EXERCISE INSTRUCTIONS
Would you retype the listing word for word, skipping its pictures?

PROVIDED MATERIAL
* * * *

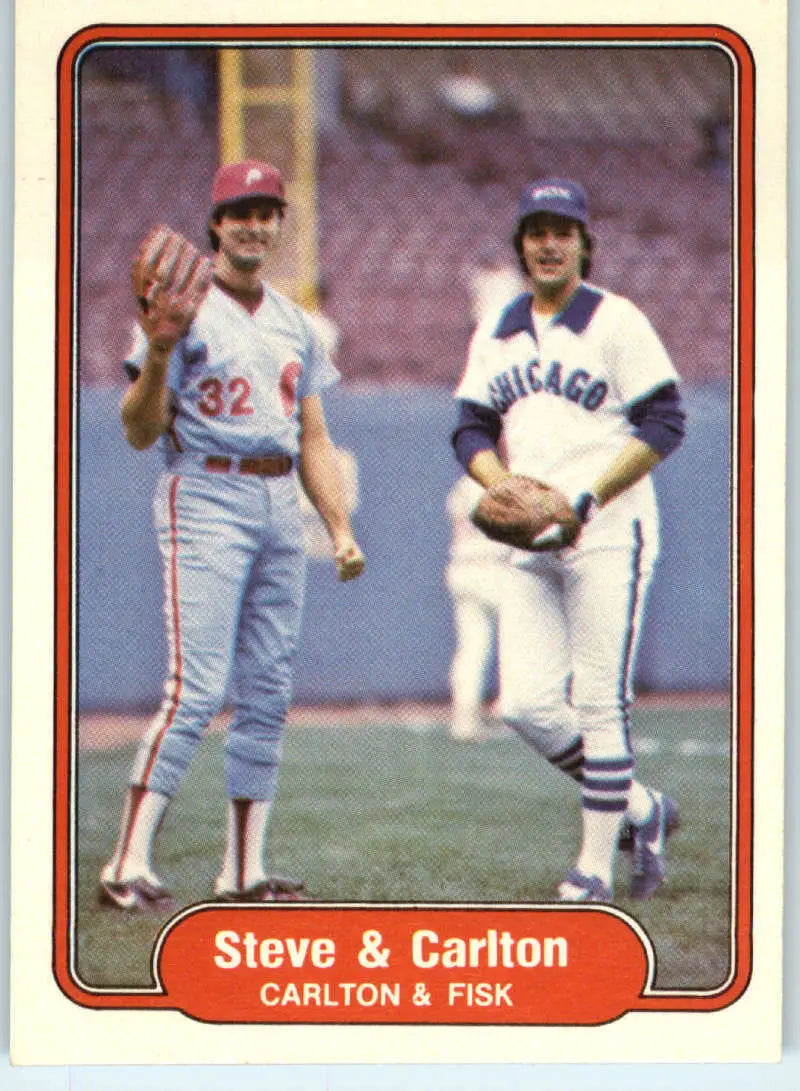 1982 Fleer #632 Steve Carlton/Carlton Fisk EX Excellent Philadelphia Phillies/Chicago White Sox Baseball Card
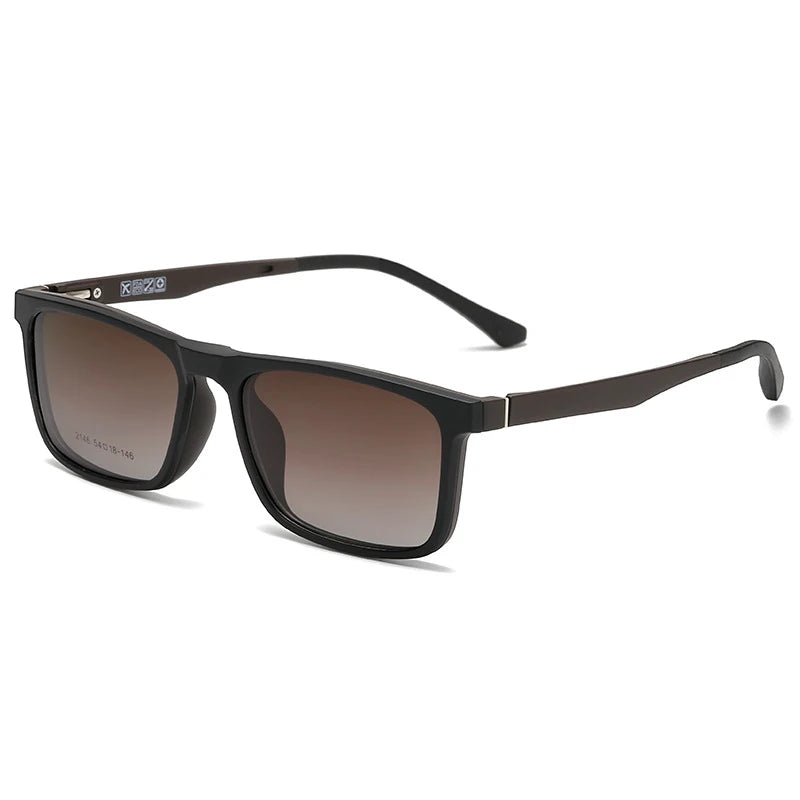 YIMARUILI New Fashion Ultra Light Magnetic Sunglasses High Quality TR90 Square Retro Optical Prescription Glasses Frame Men 2146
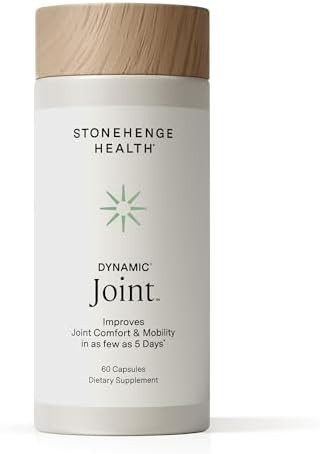Stonehenge Health Dynamic Joint Health Supplement “ Fastacting Support With Aprã¨Sflex Boswellia Msm Multitype Collagen Turmeric Bromelain Vitamins C & D3 “ Supports Joint Comfort “ 60 Capsules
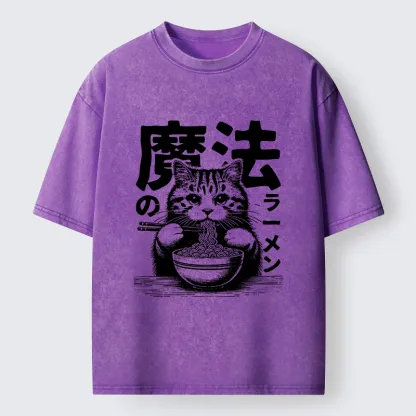 Tokyo-Lion Cat Eating Magic Ramen Washed T-Shirt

* * * *

RESPONSE TO THIS TASK
 1982 Fleer #632 Steve Carlton/Carlton Fisk EX Excellent Philadelphia Phillies/Chicago White Sox Baseball Card
 YIMARUILI New Fashion Ultra Light Magnetic Sunglasses High Quality TR90 Square Retro Optical Prescription Glasses Frame Men 2146
Stonehenge Health Dynamic Joint Health Supplement “ Fastacting Support With Aprã¨Sflex Boswellia Msm Multitype Collagen Turmeric Bromelain Vitamins C & D3 “ Supports Joint Comfort “ 60 Capsules
 Tokyo-Lion Cat Eating Magic Ramen Washed T-Shirt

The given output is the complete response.